PROBLEM REQUIREMENTS:
Word for word, restate the lines of the data below between those holding "Chloreuptychia herseis" and "Bloom fuchsia pink photo", inclusive; pictures do not belong in the copy.

STORED DATA:
>>>>

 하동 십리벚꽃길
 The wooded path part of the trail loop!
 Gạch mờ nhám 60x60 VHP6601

<<<<
>>>>

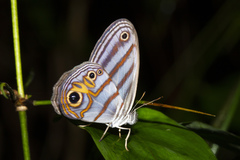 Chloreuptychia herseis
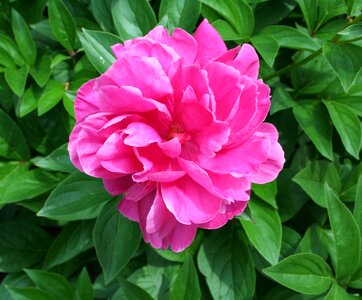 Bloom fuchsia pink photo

<<<<

OUTPUT BELOW:
 Chloreuptychia herseis
 Bloom fuchsia pink photo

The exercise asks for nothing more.